Каковы были мотивы отказа в финансировании?

— В мае девяносто седьмого сценарий был отвергнут Экспертным жюри Госкино. Наиболее веским был аргумент Эдуарда Володарского: «Опять нам предлагают фестивальное кино» Это первая причина, которую условно можно назвать идеологической. Вторая же причина — в дороговизне замысла.

Объективно ситуация с бюджетом могла привести к подобному решению. Вы не пытались изначально удешевить проект?

— Если бы мой сценарий был принят с жестким условием переделки под реальную сумму — я переписал бы его. Конечно же, без особой радости, но с твердыми гарантиями. «Русская симфония» есть неопровержимое доказательство того, что в производстве я реалист-профессионал и умею, если надо, себя ограничивать. Западные продюсеры до сих пор убеждены, что эта картина, судя по грандиозным съемкам, просто наш российский блокбастер. А ведь эти грандиозные съемки мне никто не оплачивал. «Русская симфония» обошлась в пятьсот тысяч долларов — минимальный бюджет Госкино на производство картины сегодня. Естественно, вместо месяца работа заняла два года. Что-то придумывали, выкручивались, использовали хронику, делали к ней досъемки, сами снимали реальные события как хронику, выдавая ее за оригинальные постановочные эффекты — в результате получали и Куликовскую битву, и бесплатную конницу, и многое другое. Конечно, я бы как-нибудь снова исхитрился, лишь бы не отказываться от замысла. Но отказ был категорическим и безоговорочным. Я думаю, что дело в отношении ко мне в принципе. И больше того — в отношении к тому типу кинематографа, к которому принадлежат мои уже снятые и еще не снятые фильмы. Как у Есенина: «Не нужна нам суета твоя, да и сам ты ни капельки не нужен».

Вы не ищете другие пути для осуществления этого замысла?

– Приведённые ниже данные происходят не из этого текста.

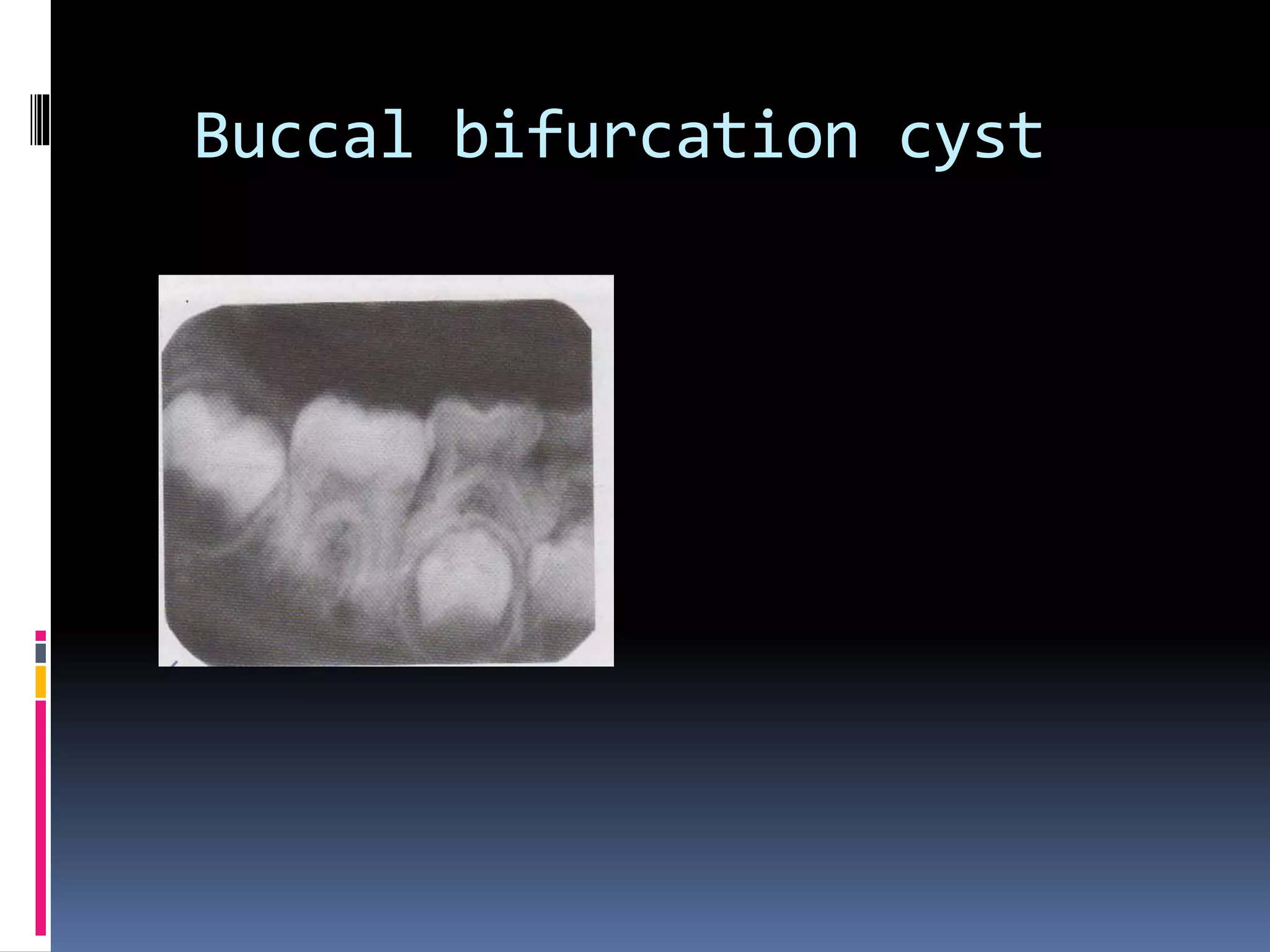 Buccal bifurcation cyst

— Все мои фильмы были копродукцией с западными компаниями. Но, как бы хорошо они ко мне ни относились, полное финансирование российского фильма невозможно по определению. И я должен вернуться все к той же, наглухо закрытой для меня двери. Замкнутый круг. Для частных же инвесторов я не представляю ни малейшего интереса. Они хотят сейчас делать жанровое кино за очень небольшие деньги. Дешево, быстро и весело. В этом кинематографическом контексте я не ко двору. Я — «бомж» с 1994 года. Бомж с поправками: у меня было четыре ретроспективы в различных европейских странах, меня приглашают в жюри крупнейших фестивалей, я читаю лекции. Для режиссера довольно унылый способ существования. Но все прочие способы — не унылы, а просто смехотворны. Я даже забастовку объявить не могу, потому что и так не работаю.

Вы никак не можете совместить творческие интересы с тем, что сейчас востребовано?

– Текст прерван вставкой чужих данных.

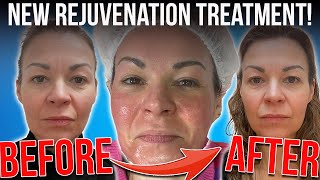 Exosomes Microneedling Facial Review + Before & After!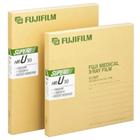 Filme Para Raio-X - Super Hr-U 15 X 40 Cm - Fujifilm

— Принять условия игры этого времени легко. Те критерии, которые сегодня выдвигаются как наиболее значимые, для профессионального человека достаточно просты: жанр, лихой сюжет, фактура — чем эксцентричнее, тем лучше, а также команда умельцев. Один (а то еще и бригада) пишет, другой снимает, звезды играют, монтажер монтирует. Всё расписано. Я не против, да и глупо было бы возражать: зрительское кино необходимо, оно важная и главная составляющая кинопроцесса. Но авторское кино — это изначально другой импульс. Тут уже и жанра недостаточно, и со стереотипами плохо, и звезды сами по себе ни к чему. Потому что здесь невозможно отрабатывать уже наработанное. Плохо только одно: сейчас все нацелены именно на тот тип кинематографа. Само понятие авторского кино стало постыдным и устаревшим.

Отдавая себе в этом отчет, что вы собираетесь делать дальше?

— Проблема в том, что моя профессия — кино, а не чистая литература. Я не могу считать результатом сценарий. Не я один в таком положении. Я думаю, не всё можно объяснить экономическими причинами. Дело в том, что критерии изменились за последние пять-десять лет. Нас подвела превратно понятая идея демократии. Да, она подразумевает всё для всех, и искусство в том числе. В этом смысле авторское искусство — по природе своей недемократично, потому что штучно, индивидуально. В цивилизованных странах, правда, сохраняется ниша для некоммерческого кино. Потому что демократия, с одной стороны, снижает критерии, но с другой — твердо соблюдает свои законы, предписывающие: должны расти все цветы. В России же, как обычно, всё принимает крайние формы. Остается на старости лет издать книгу непоставленных фильмов.